China proposes restrictions on text/SMS messaging


China has started proposing stricter regulations aimed at wiping out spam messages sent as text/Short Message Service (SMS) messages through to fixed telephone lines and mobile phones.

Spam is a real problem across all telecommunication platforms in China. In just the first half of last year, there were an estimated 200 billion unwanted messages sent to mobile phones in mainland China according to a report by South China Morning Post. 66% of spam messages are advertising, 7% are illegal and 5% are fraudulent, according Chinese mobile-phone security company, Qihoo 360.

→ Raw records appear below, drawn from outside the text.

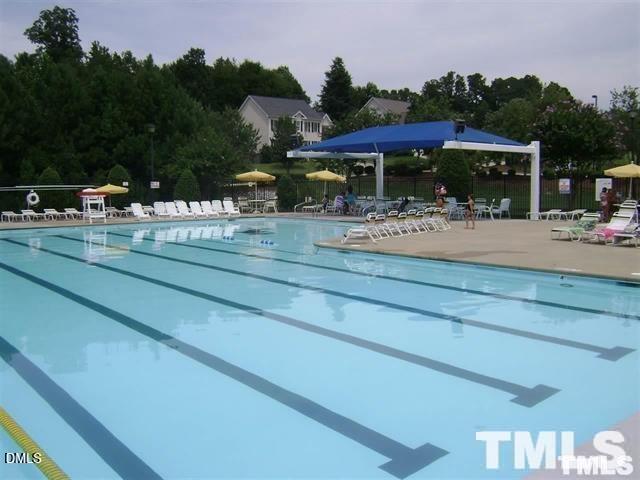 1532 Haywards Heath Lane Apex, NC 27502 - Photo 25 of 26 a view of a patio with table and chairs under an umbrella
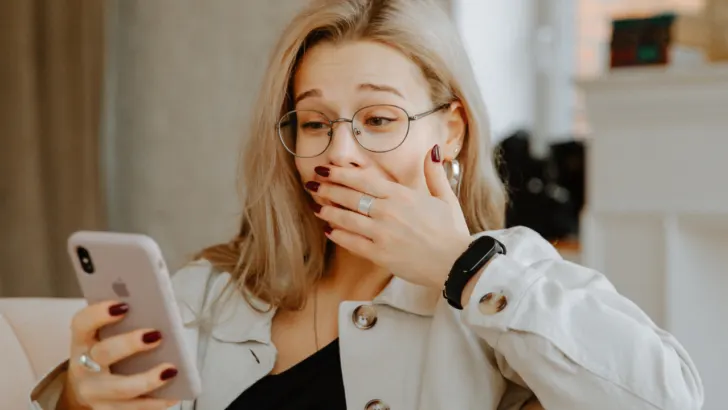 woman puts hand over mouth while looking at phone in surprise about how to get free stuff for medicaid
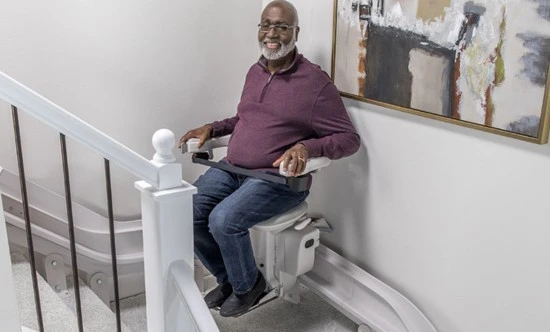 a man riding an elite curved indoor stair lift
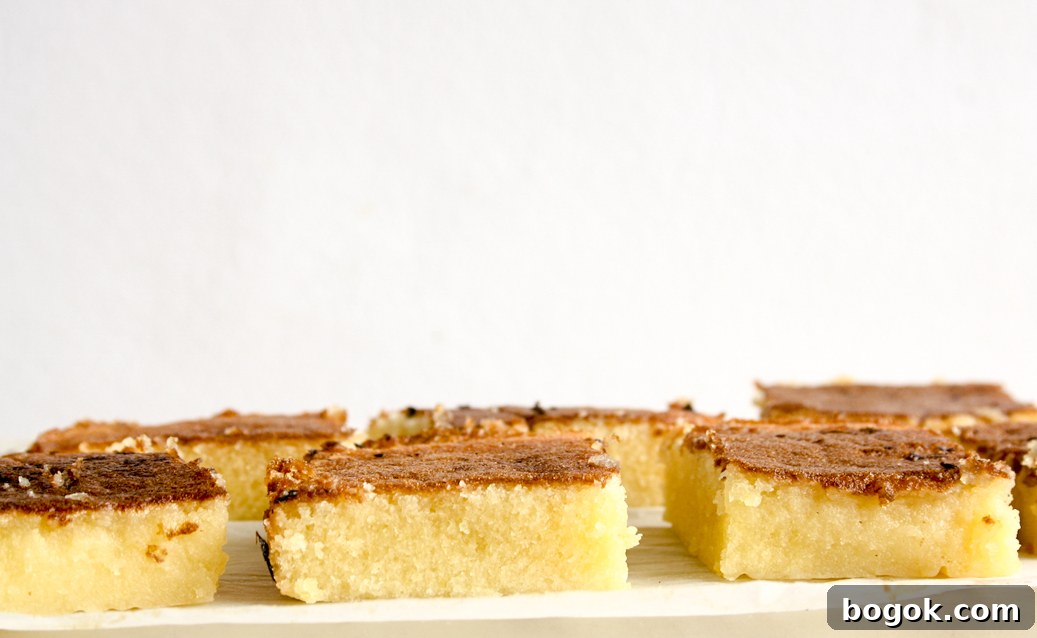Moist, dense and gooey lemon blondies with lemon glaze
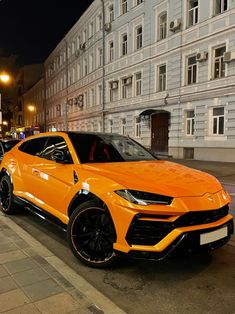 an orange sports car is parked on the side of the road in front of a building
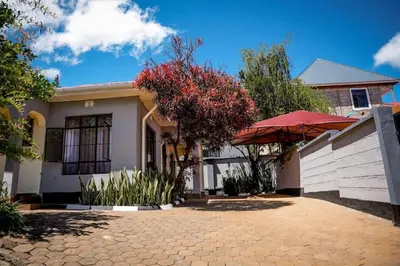 a house with a brick driveway in front of it at Kwetu Arusha Villa in Arusha
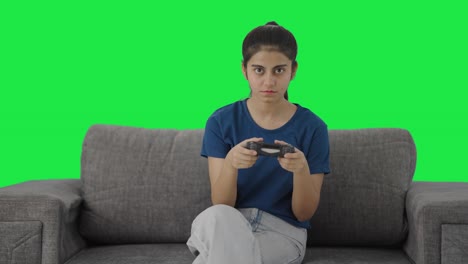 Bored-Indian-teenage-girl-playing-video-games-Green-screen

The Ministry of Industry and Information Technology’s draft Administrative Provisions on Short Message Services (the “Draft Regulations”) indicates that all SMS operators must have a telecommunications licence and must not send commercial SMS messages without consent of or request by the recipient of a message. Where a recipient has consented to receiving SMS messages, but later clearly refuses to receive more, operators must cease sending messages to that individual.

Under the Draft Regulations, any individual or organisation found to have sent commercial SMS messages without the recipient’s consent would face a penalty of up to 30,000 Chinese Yuan (€3,931). SMS providers must also introduce a complaint-handling mechanism, publish message services details and accept complaints relating to spam SMS messaging.